WHAT YOU NEED TO DO ▸ Make an exact copy of the listing, without images.

──────── DATASET EXCERPT

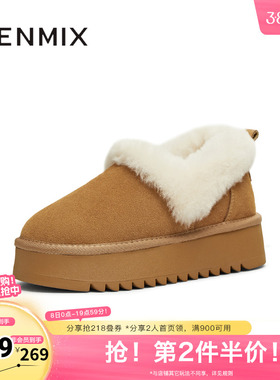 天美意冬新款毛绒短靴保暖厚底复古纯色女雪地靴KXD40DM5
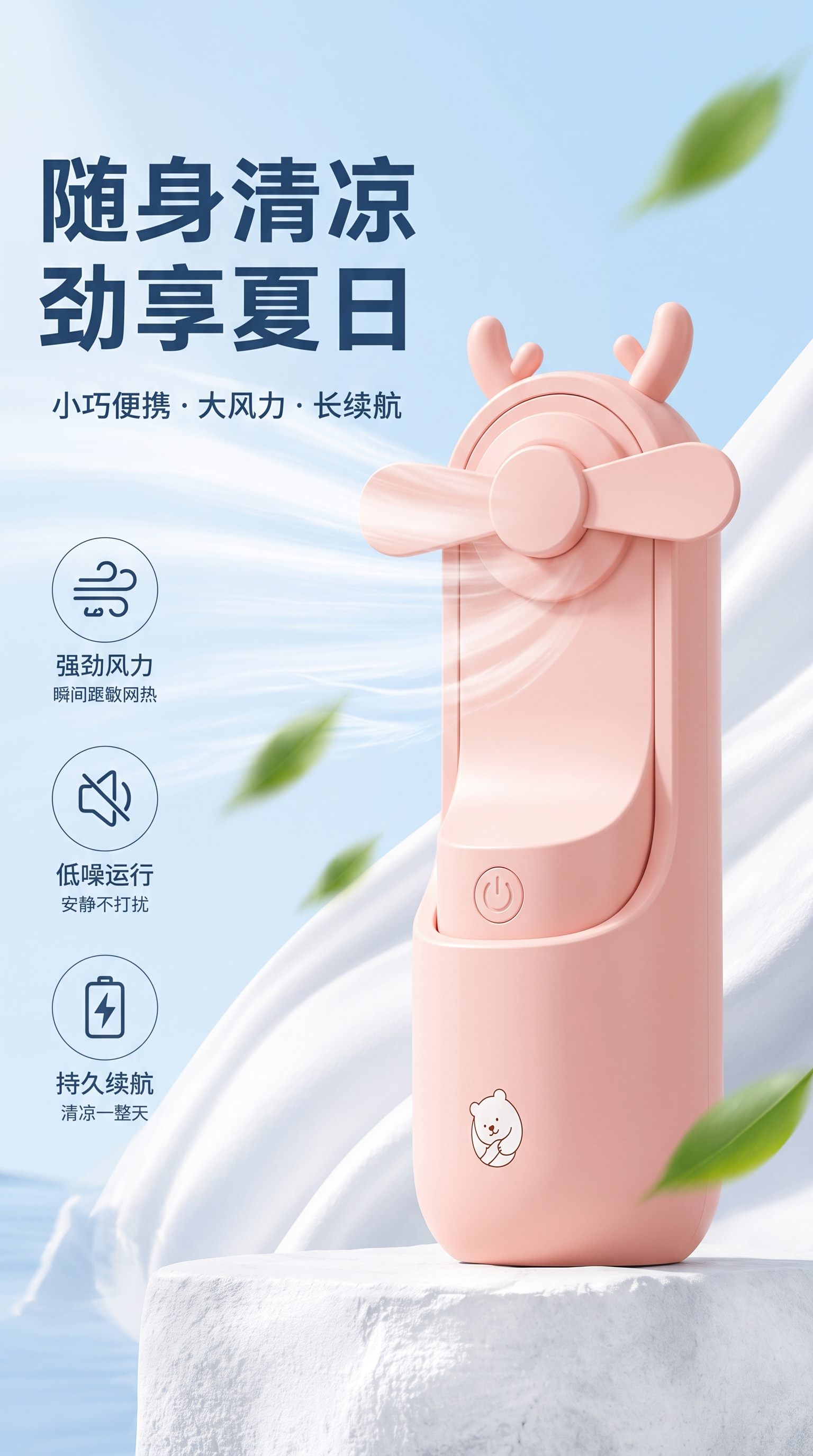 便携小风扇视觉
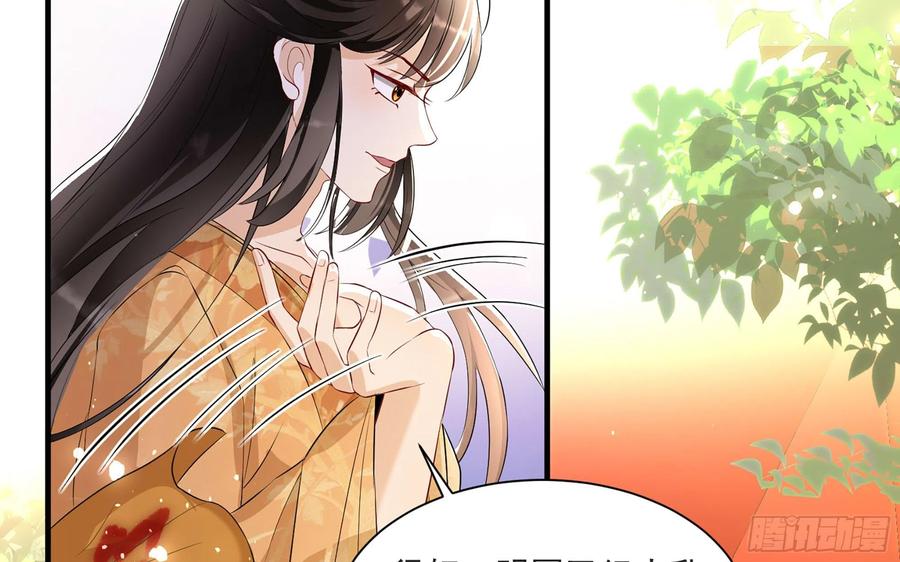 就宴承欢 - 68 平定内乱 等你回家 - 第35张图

────────────────

REPLY TO THE TASK ▸
 天美意冬新款毛绒短靴保暖厚底复古纯色女雪地靴KXD40DM5
 便携小风扇视觉
 就宴承欢 - 68 平定内乱 等你回家 - 第35张图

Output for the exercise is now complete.